Tuesday, April 13, 2010

Is the Guessing Game Over?

Genitic Chart
Recently, a report  predicting sprinting ability and racing stamina in thoroughbred race horses using genetics was published by Scientists at University College Dublin in Ireland. The work conducted by nine scientists identified a specific “speed gene” set that strongly indicates the best race distance for individual thoroughbreds. To sum up this lengthy report in layman’s terms, thoroughbreds have two copies of the speed gene, one from each parent and these genes are identified with the letters C and T.

There are three possible combinations of the genes. The C:C combo indicates win-early type sprinters who are at their best up to a mile; C:T supports a combination of speed and stamina, indicating the horse will prefer distances between seven and twelve furlongs; and T:T. genes signify marathon runners at their best going ten furlongs and farther.

The cost for the gene typing is reasonable, under $2,000 USD, and thoroughbred owners can send a sample of their horse’s blood to the Irish-based Equinome, a company founded by one of the scientists, Dr. Emmeline Hill and trainer Jim Bolger.

So what does this genetic finding mean for the Thoroughbred breeding industry and handicappers?

Breeders don’t need a genetic test to know which stallions get precocious sprinters or which stallion’s progeny need time to mature. Pedigree, conformation and temperament are strong indicators of how far a horse will run and how quickly they will develop. We already know that if you breed two sprinters that you will get a sprinter, likewise with distance runners.

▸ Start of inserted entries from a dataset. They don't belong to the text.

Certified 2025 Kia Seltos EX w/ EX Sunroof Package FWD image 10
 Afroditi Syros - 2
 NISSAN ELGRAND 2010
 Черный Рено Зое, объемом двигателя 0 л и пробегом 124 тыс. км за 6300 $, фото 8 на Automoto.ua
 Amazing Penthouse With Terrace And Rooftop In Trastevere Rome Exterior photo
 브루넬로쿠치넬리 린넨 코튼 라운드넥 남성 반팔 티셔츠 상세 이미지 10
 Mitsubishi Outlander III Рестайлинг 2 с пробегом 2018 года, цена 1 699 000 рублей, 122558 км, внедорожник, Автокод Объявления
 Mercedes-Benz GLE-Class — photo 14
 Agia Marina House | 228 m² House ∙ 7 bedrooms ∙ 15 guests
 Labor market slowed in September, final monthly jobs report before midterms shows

Breeding sprinters to distance horses might get you a thoroughbred in the middle ground category, but it’s still a guessing game and why most breeders don’t breed extremes. The speed genes don’t indicate the quality or talent of a horse, merely the distance the horse will prefer to run.

Profiling for the speed gene will be most useful for thoroughbreds whose best distances are between seven and ten furlongs and have the genetic marker C:T, but the test doesn’t indicate whether a horse will prefer running ten furlongs or if their best distance is eight and a half or nine furlongs.

Mr. Prospector
The genetic test actually proves the long-held breeding theory that milers make the best sires. In America,  most horses lumped into the miler category win from six to nine furlongs, since that is the distance of the majority of races. These stallions undoubtedly have the C:T gene since their offspring win at various distances, depending on the stamina orientation of their progeny’s distaff side.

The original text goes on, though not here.